So, to return to the article, if both hobbyists and professionals are committed to honing their skills and growing in their creative abilities, perhaps this distinction between hobbyist and serious craft artist is simply an academic issue after all?  A manufactured divide?  Fowler stopped me in my tracks, though, when she said this:
"Craftspeople who achieve the status of [Lino] Tagliapietra ['often called the world's greatest glassblower'] do so in part because they engage questions in their work that interest the world of art and craft."
Hmmm.  What does it mean exactly to "engage questions in [one's] work that interest the world of art and craft"? This is where I'd like to pick up the discussion next week.  If this topic interests you, go ahead and read the two-page article HERE.

Wednesday, December 2, 2015

Tapestry diary for a new year

In recent years more and more tapestry weavers have taken up the practice of weaving a tapestry diary, a piece in which they weave a tiny section of a tapestry every day for a year.  It's similar to the "daily painting" practice many painters employ, only in this case it is cumulative.  At the end of the year you have one giant woven piece, or perhaps several pieces that hang together.  Click HERE to read an excellent article describing the practice and showing examples by gifted practitioners.

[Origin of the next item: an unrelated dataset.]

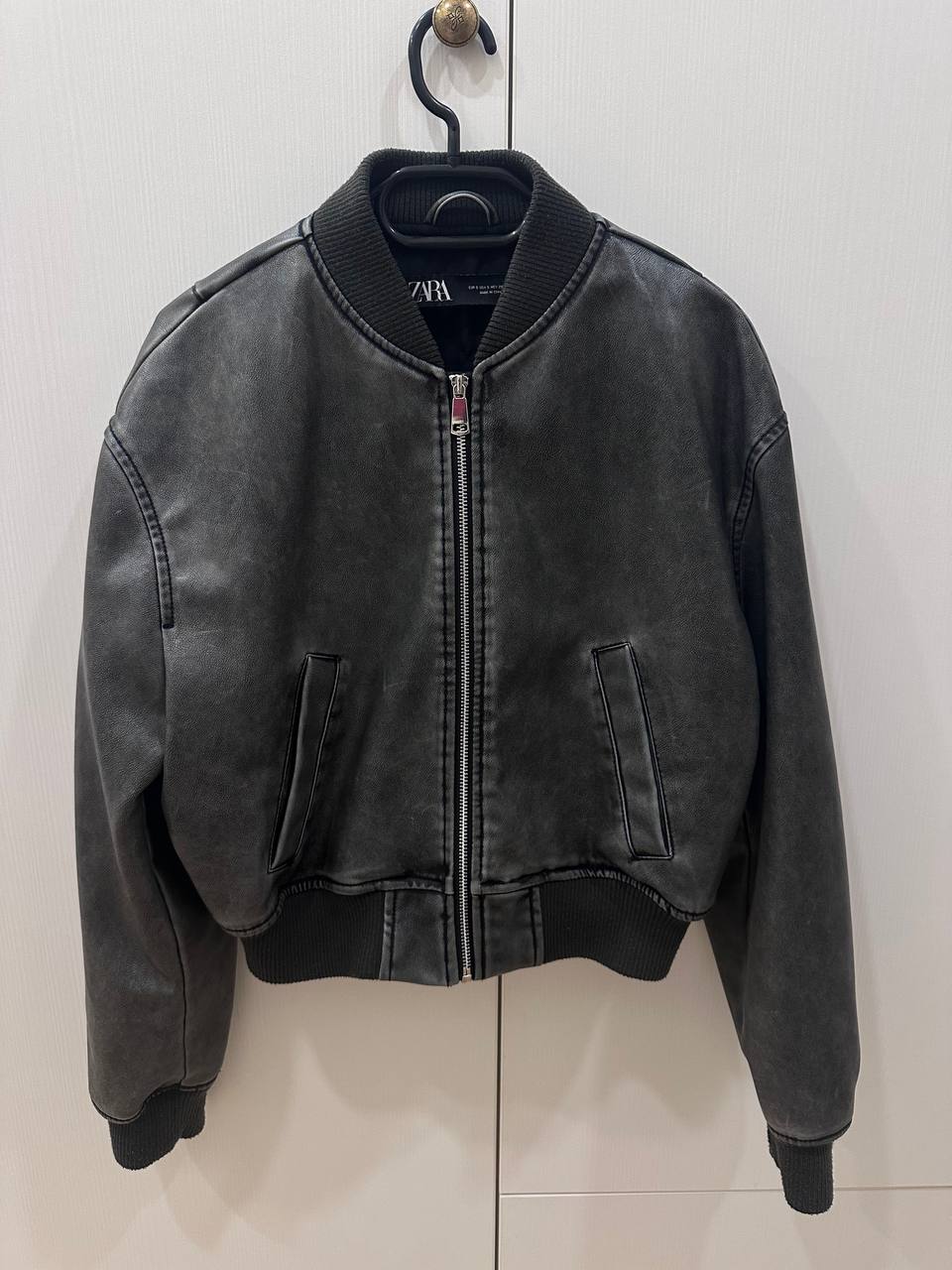 Кожаный бомбер Zara, размер S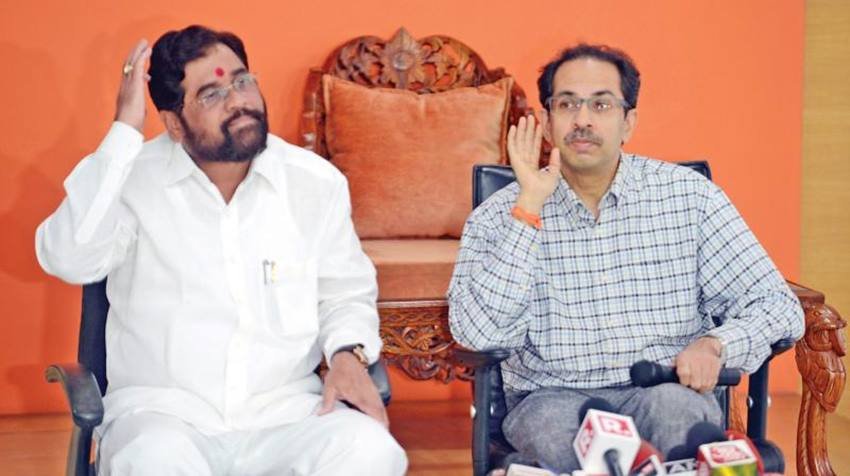 महाराष्ट्र के पूर्व मुख्यमंत्री और शिवसेना (Shiv Sena) चीफ उद्धव ठाकरे ने मौजूदा सीएम एकनाथ शिंदे को ऑटो वाला बता कर तंज कसा है। उद्धव (Uddhav Thackeray) ने कहा कि एक ऑटो ड्राइवर सरकार चला रहा है जिसका ब्रेक फेल हो गया है। बता दें कि राजनीति में आने से पहले एकनाथ शिंदे (Eknath Shinde) ऑटो चलाते थे। एकनाथ शिंदे के अलावा दूसरे भी कई नेता रहे हैं जो राजनीति में आने से पहले सब्जी और गुब्बारे बेचने जैसे मामूली काम करते थे (PTI File Photo):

I have observed this practice with interest for a few years now.  It is brilliant, conceptually:  more than most art mediums, weaving tapestry really is all about time.  It is such a slow process that it makes the weaver acutely aware of the passage of time, and of the luxury of time that is necessary to complete any tapestry.  Committing to a tapestry diary is a way to ensure that no matter how busy life gets, at least you can--must--sit down for 10 minutes and weave a small piece to mark the day.  It can become a way to practice new techniques in tapestry, to hone one's skills.  And it becomes a challenge to one's creativity as well, to continue to find, each day, a way a to make the process interesting, meaningful, and visually pleasing.

I decided a few months ago to devote one of my small tapestry looms to a tapestry diary.  I wanted to explore the sense I have that when I sit down to weave, time slows and becomes sacred again.  Writer Wendell Berry famously said, "There are no unsacred places; there are only sacred places and desecrated places."  I believe the same is true of time, of the precious minutes, hours and days we are each allotted.  Weaving tapestry allows me to become aware again of the sacred gift of time, to re-enchant and hallow the day.  So I decided my diary would begin with the first day of Advent, the start of the year in the Christian liturgical calendar, and it would use the colors of the seasons of the liturgical year

Advent, the four weeks leading up to Christmas, began last Sunday, and its liturgical colors are dark purple and navy.  In contrast to the secular world's glitzy, frenetic, highly decorated approach to the season, in the church it is a dark season, full of apocalyptic readings and the sense that the world has grown especially dark just before the birth of Christ.  So I have begun weaving simple rectangles of dark purple and blue, seven across so that each row of weaving will represent one week.

Here's where it is today, on Wednesday of the first week.  Not much to look at yet, but a start. For those who are interested in the technical details, it's sett at 10 epi and I used 12/6 cotton seine twine as warp.

Tapestry diarists often begin with a set of intentions or rules in mind to govern the project.  In addition to the parameters I've mentioned above, I will:
  • use bits and pieces of leftover yarn, including (gasp) knitting yarns
  • possibly experiment with technique, but not turn the project into a sampler or worse yet, homework
  • show days away from the loom by leaving blank warps
  • determine the color and pattern of each day's weaving that day, and not before
  • not unweave.
It will be a bonus if I have any epiphanies or small realizations that seem true in this practice.  So far these thoughts have occurred to me:

Speed is not the point.

Each day, deal with that day's challenge or problem.

What would it be like to bring the same care I bring to weaving, to other parts of my life?  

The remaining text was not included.